Lloyds Banking Group announce profit surge to £1.9bn as UK's biggest mortgage lender benefits from higher borrowing costs
Lloyds Banking Group, which controls Halifax and Bank of Scotland, has reported a surge in profits to £1.9bn as higher borrowing costs put customers under pressure
Finance giant Lloyds Banking Group has announced that profits have surged even higher to £1.9billion as the UK's biggest mortgage lender benefits from higher borrowing costs.
The Halifax and Bank of Scotland owner reported a pre-tax profit of £1.9bn for the three month to September. This is more than three times the revised amount from last year of £576million.

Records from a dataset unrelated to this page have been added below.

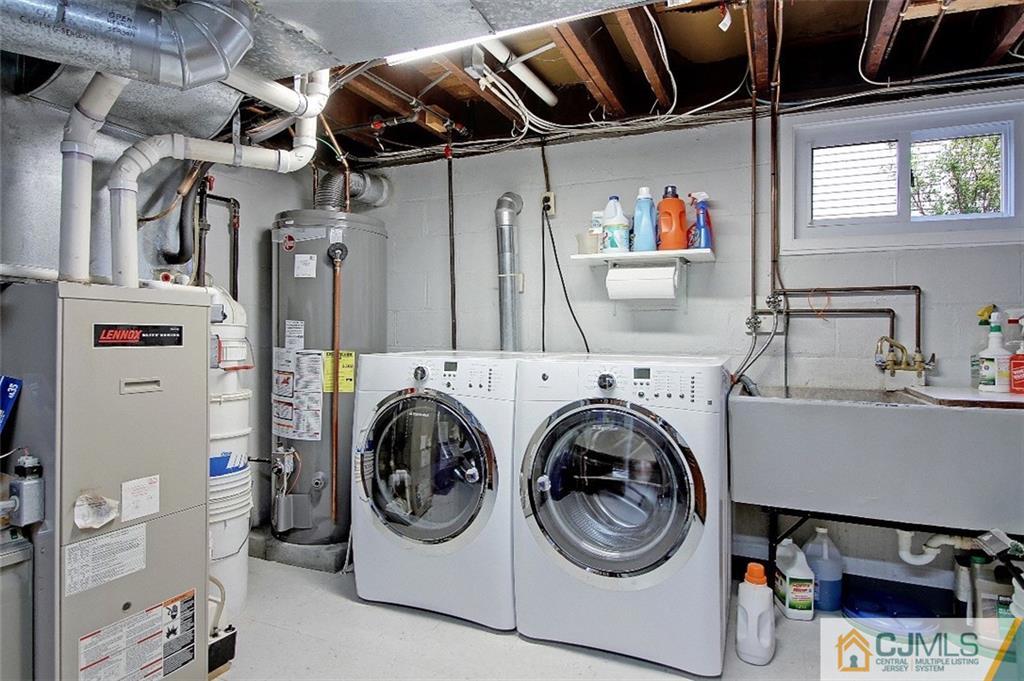 188 Stout Avenue Middlesex, NJ 08846 - Photo 21 of 25 a utility room with dryer and washer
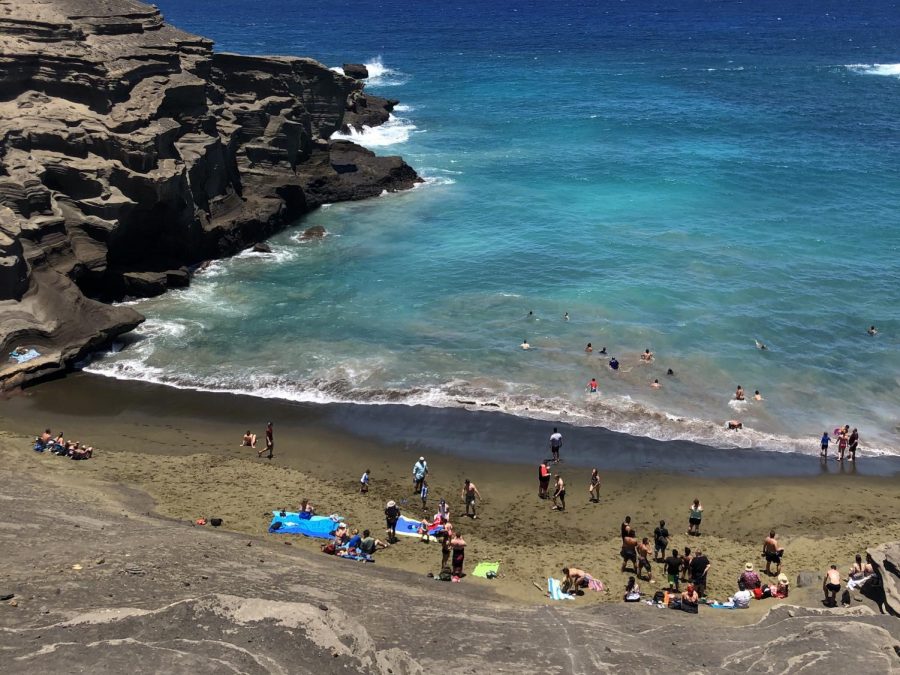 Tourists visit year-round to swim in the bright blue waters of Papakōlea Beach on Hawaii island.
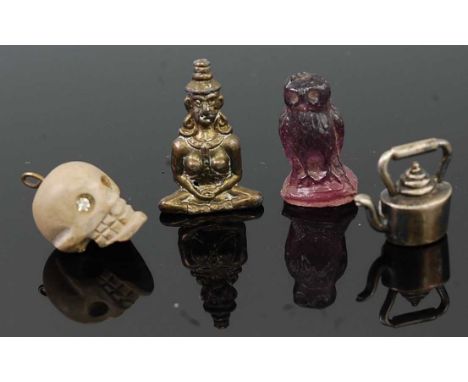 A miniature carved amethyst owl, 25mm; together with a carved composition skull pendant; a miniature Buddha; and a white meta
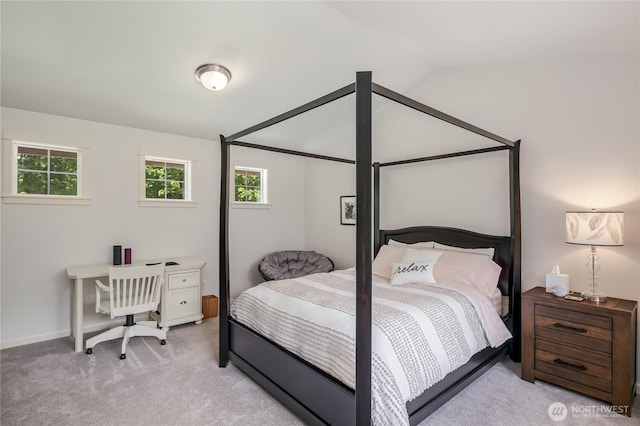 5215 E Lake Bosworth Dr, Snohomish, WA 98290 - bedroom featuring light carpet, multiple windows, vaulted ceiling, and baseboards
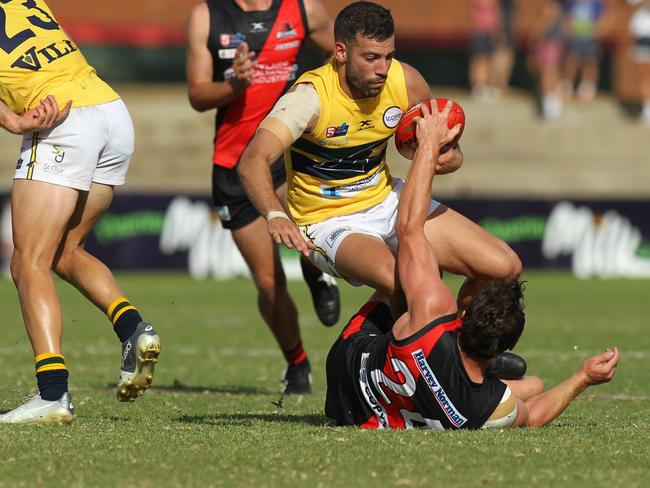 SANFL match between West Adelaide and Eagles at City Mazda Stadium. Eagles Jimmy Toumpas tangles with Wests Aaron Anderson. 19 April 2019. Picture Dean Martin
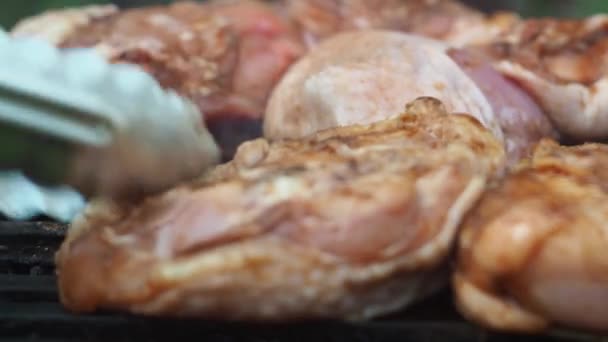 With tongs, he turns the chicken thighs on the grill. focus on the middle of the grid. they acquire a toasted color — Stock video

It is also slightly ahead of analysts' expectations.
The mortgage lender took in £3.4bn of net interest income. This is the difference between what is paid out for deposits and what has been generated from loans. This again was up year-on-year. Mortgage customers have experienced crippling rates over the past year, with the interest rate of 5.25% pushing up the cost of borrowing. However, Lloyds has said that there has been little sign that customers are struggling with payments, with arrears stable and defaults in loan payment down.

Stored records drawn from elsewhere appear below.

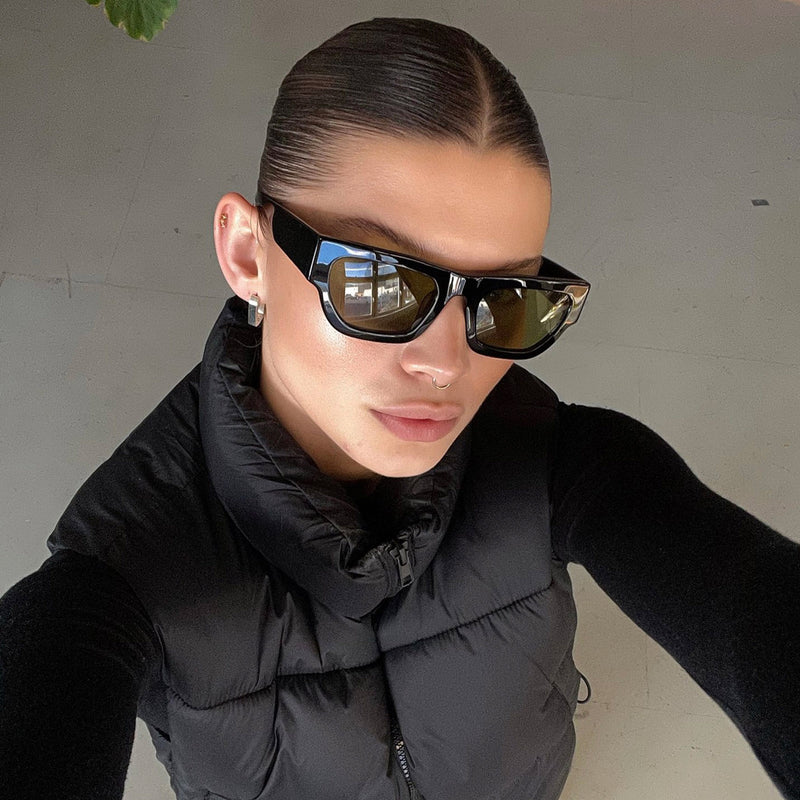 model wearing the finn sunglasses from vehla eyewear in black / khaki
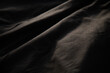 © Egor - Dark fabric texture with subtle folds and shadows, creating a dramatic and moody aesthetic. Perfect for backgrounds or design elements.
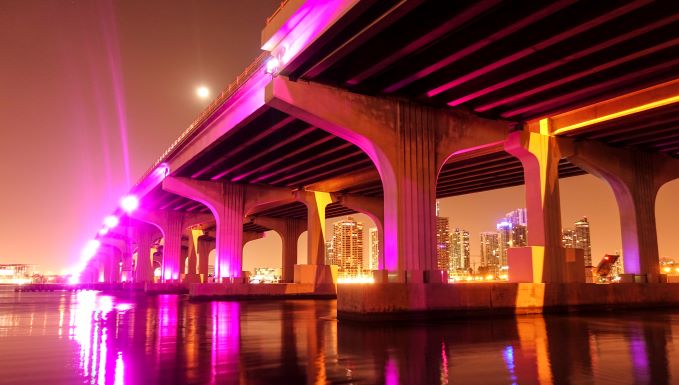 Bridge lit colorfully, nighttime, Miami, Florida.
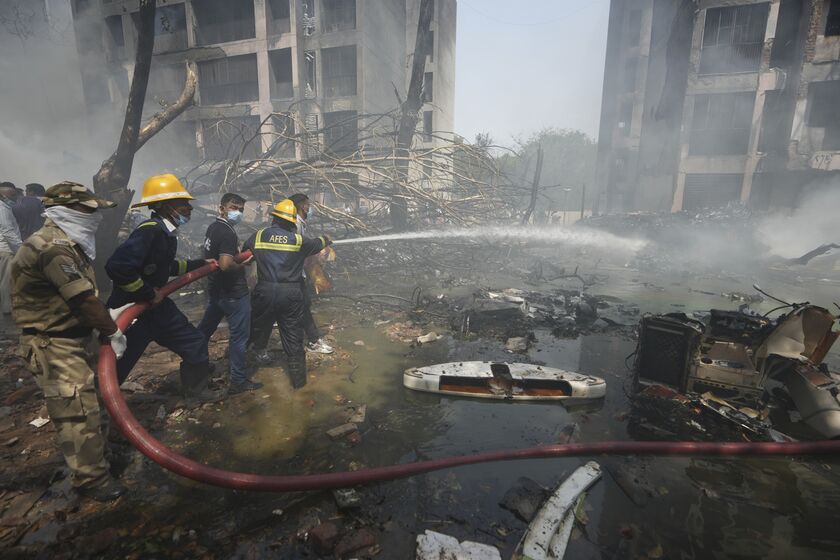 Firefighters at the Air India crash site in Ahmedabad, on June 12.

Loan balances also grew to £1.4bn over the past year, while lending overall fell by £2.8bn from January 2023 to September 2023. According to the Lloyds, despite pressure on households with the cost of living, high inflation rates and high interest rates, household spending has increased in recent months.
William Chalmers, Lloyds’ chief financial officer, said: “You can see some pretty consistent and reasonable spend increases – it’s interesting, in our base, that is strongly in both travel and entertainment, as examples. So, not just the staples, but also customers choosing to spend money on discretionary uses too. I think it’s safe to say that, as a general matter, customers are adjusting to the times that we’re in.”

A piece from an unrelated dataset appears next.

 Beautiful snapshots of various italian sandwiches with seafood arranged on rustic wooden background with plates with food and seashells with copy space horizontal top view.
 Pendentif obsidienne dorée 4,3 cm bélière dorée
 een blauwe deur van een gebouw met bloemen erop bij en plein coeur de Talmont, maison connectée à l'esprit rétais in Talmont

Chalmers added that more customers were also putting money into their savings, to take advantage of the higher interest rates. Around £3.9bn was put into savings, with £3.2bn of this coming directly from current accounts.
Charlie Nunn, the group chief executive of Lloyds, said: “Guided by our purpose, we remain focused on supporting our customers and helping them navigate the uncertain economic environment. The group continues to perform well. Robust financial performance and strong capital generation in the first nine months of the year was driven by net income growth, cost discipline and resilient asset quality. This performance allows us to reaffirm our 2023 guidance.”
The announcement comes after competitor Barclays saw its share price fall. The bank had cut its forecast for the net interest margin and announced a 6% decrease in UK deposits, owing to greater competition on the market.